Dat blijkt uit een enquête van de cliëntenorganisatie MIND
Patiënten met psychische problemen vinden dat ze te weinig betrokken worden bij het stellen van hun diagnose. Ook worden er vaak geen duidelijke afspraken gemaakt over de behandeling. Dat blijkt uit een enquête van de cliëntenorganisatie MIND onder meer dan 750 mensen, waarvoor Reporter Radio bericht.
Meer dan 66 procent van de deelnemers reageert negatief op de stelling dat de hulpverlener duidelijke afspraken had gemaakt over het stellen van de diagnose en het kiezen van de behandeling. Hulpverleners maken onvoldoende duidelijk welke beslissingen er nodig zijn. Patiënten en hun familieleden geven aan dat zij meer betrokken willen worden in die besluitvorming.

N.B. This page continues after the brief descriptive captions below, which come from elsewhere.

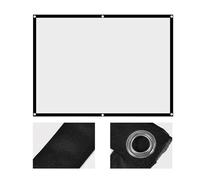 KIMISS Portable Foldable White Projector Curtain Projection Screen, 100inch 4:3, Non-crease Premium Quality Synthetic Fabric, Ideal for Outdoor Cinemas & Camping Movies - 1 Pc.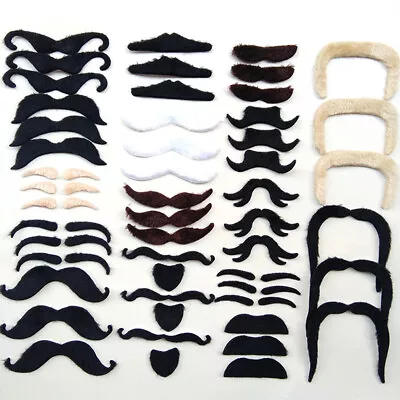 48pcs Funny Costume Mustache Pirate Halloween Fake Beard Whisker Party Suppl__- • $7.34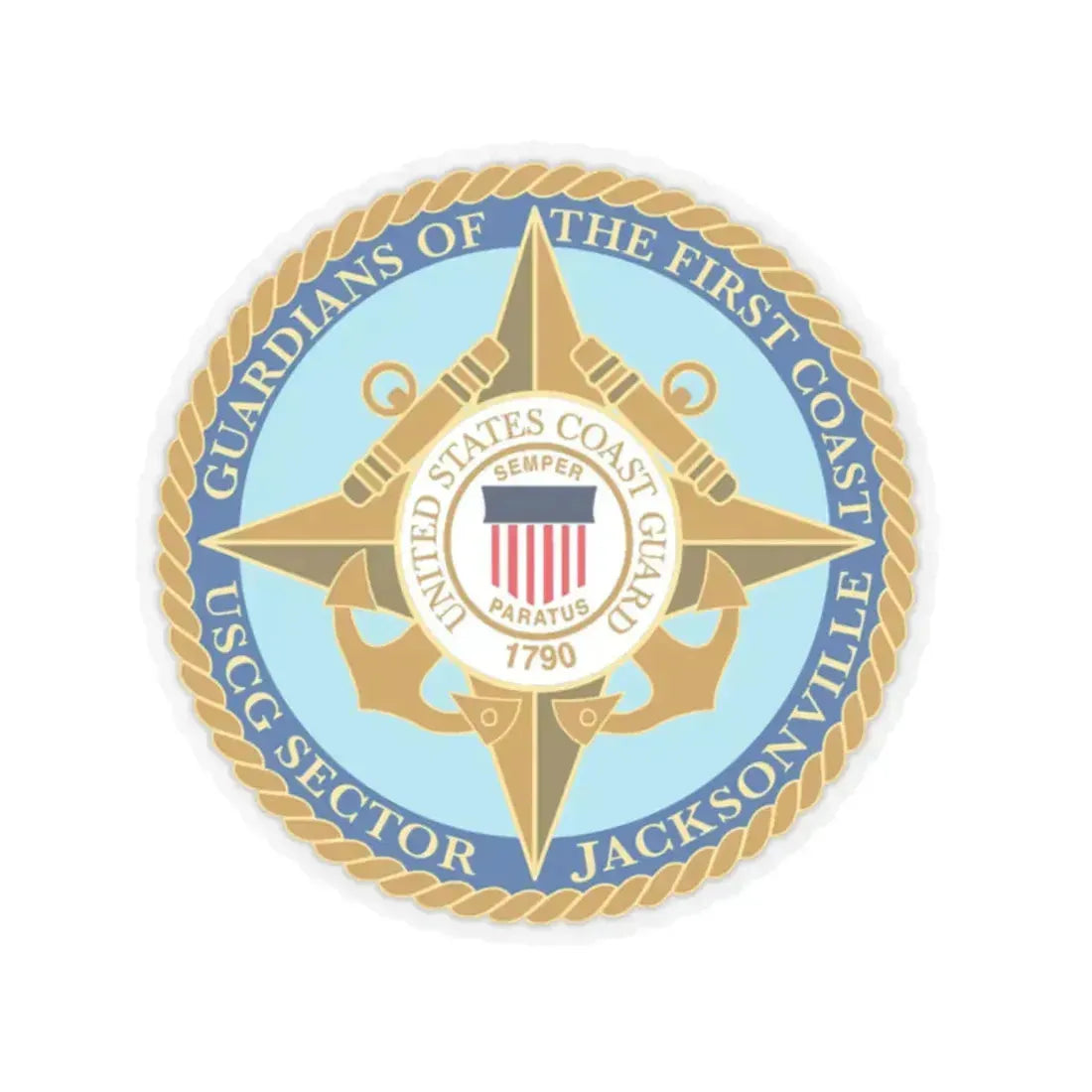 USCG Sector Jacksonville Guardians of the first coast (U.S. Coast Guard) STICKER Vinyl Kiss-Cut Decal 2 Inch Transparent - The Sticker Space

Volgens Roelf Scholma van MIND kan meer inspraak een positief effect op de behandeling hebben. “Eigen regie en dus inspraak in de behandeling zorgt ervoor dat de cliënt volledig achter de keuze staat en zich verantwoordelijk voelt om er een succes van te maken. Dit maakt de cliënt sterker en zelfverzekerder.”
Daarnaast gaf 80 procent aan dat ze van hulpverlener zijn gewisseld. De deelnemers reageren overwegend negatief over de aansluiting van behandelaars. Zo geeft 70 procent aan dat zij hun verhaal opnieuw moesten doen. Ongeveer 59 procent geeft aan dat er geen goede overdracht was tussen de verschillende hulpverleners, waardoor dat contact stroef verloopt.
Volgens Scholma van MIND gaat er bij de overdracht nog wel eens wat mis. Zo blijkt dat toch niet alle essentiële gegevens van de cliënt in het dossier staan, waardoor een andere behandelaar weer opnieuw moet beginnen. “Het succes van een behandeling hangt voor een groot deel af van de band en het vertrouwen tussen cliënt en behandelaar. Deze band ontstaat niet vanzelf en moet bij elke wisseling opnieuw worden opgebouwd.”
Volgens een meerderheid van de deelnemers ontbreekt het ook vaak aan tussentijdse evaluatie. Die evaluatie is nodig om te kijken of de diagnose nog wel klopt of dat er een andere behandeling moet worden gekozen.